# Another Phal. schilleriana purpurea award



## rdlsreno (Mar 16, 2010)

My Phal. schilleriana purpurea 'Monster' got an AM! I not as big as Drorchid (only 9 cm). Nicely fragrant too! 

Ramon

Phal. schilleriana purpurea 'Monster' AM


----------



## cnycharles (Mar 16, 2010)

very nice and congratulations! must be the season for schilleriana awards


----------



## Kevin (Mar 17, 2010)

Congratulations! Do you have a pic of the spike? How many flowers?


----------



## rdlsreno (Mar 17, 2010)

Kevin said:


> Congratulations! Do you have a pic of the spike? How many flowers?

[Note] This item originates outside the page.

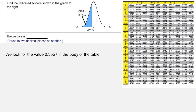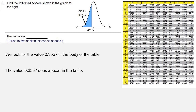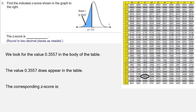This value, 0.3557, does exist in the table. We look out and find it — it's right here, circled. And that corresponds to a z-score of negative 0.37. And that's your answer.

No. It has 13 flowers on a branching spike.

Ramon


----------



## Yoyo_Jo (Mar 17, 2010)

Congrats Ramon! That's great :clap:


----------



## JeanLux (Mar 17, 2010)

Congratulations, again!!!! Jean


----------



## etex (Mar 17, 2010)

Congratulations!! Thats great! Lovely bloom and great growing!


----------



## Drorchid (Mar 17, 2010)

Congratulations! I am glad that they are finally recognizing the schilleriana purpurea's. We have taken them to judging for many years, and the judges would never look at them.

Robert


----------



## toddybear (Mar 17, 2010)

Another congrats...you are on a role!


----------



## SlipperFan (Mar 17, 2010)

What a beautiful species. You seldom see one as nice as this one.


----------



## rdlsreno (Mar 17, 2010)

Drorchid said:


> Congratulations! I am glad that they are finally recognizing the schilleriana purpurea's. We have taken them to judging for many years, and the judges would never look at them.
> 
> Robert



I was glad too since Maynard and Helen Michaels where there and they acknowledge it as Phal. schilleriana.

Ramon


----------



## e-spice (Mar 17, 2010)

Really great, but post a full photo of the spike please.

e-spice


----------



## rdlsreno (Mar 17, 2010)

e-spice said:


> Really great, but post a full photo of the spike please.
> 
> e-spice



Sorry the spike has been cut already and flowers been given for pollination.

Ramon


----------



## smartie2000 (Mar 18, 2010)

Congrats! and deserving of the award


----------



## Rick (Mar 18, 2010)

perfect round form on a species phal.

Congratulations:clap:


----------



## Shiva (Mar 19, 2010)

A very nice one and certainly worth the AM it got.


----------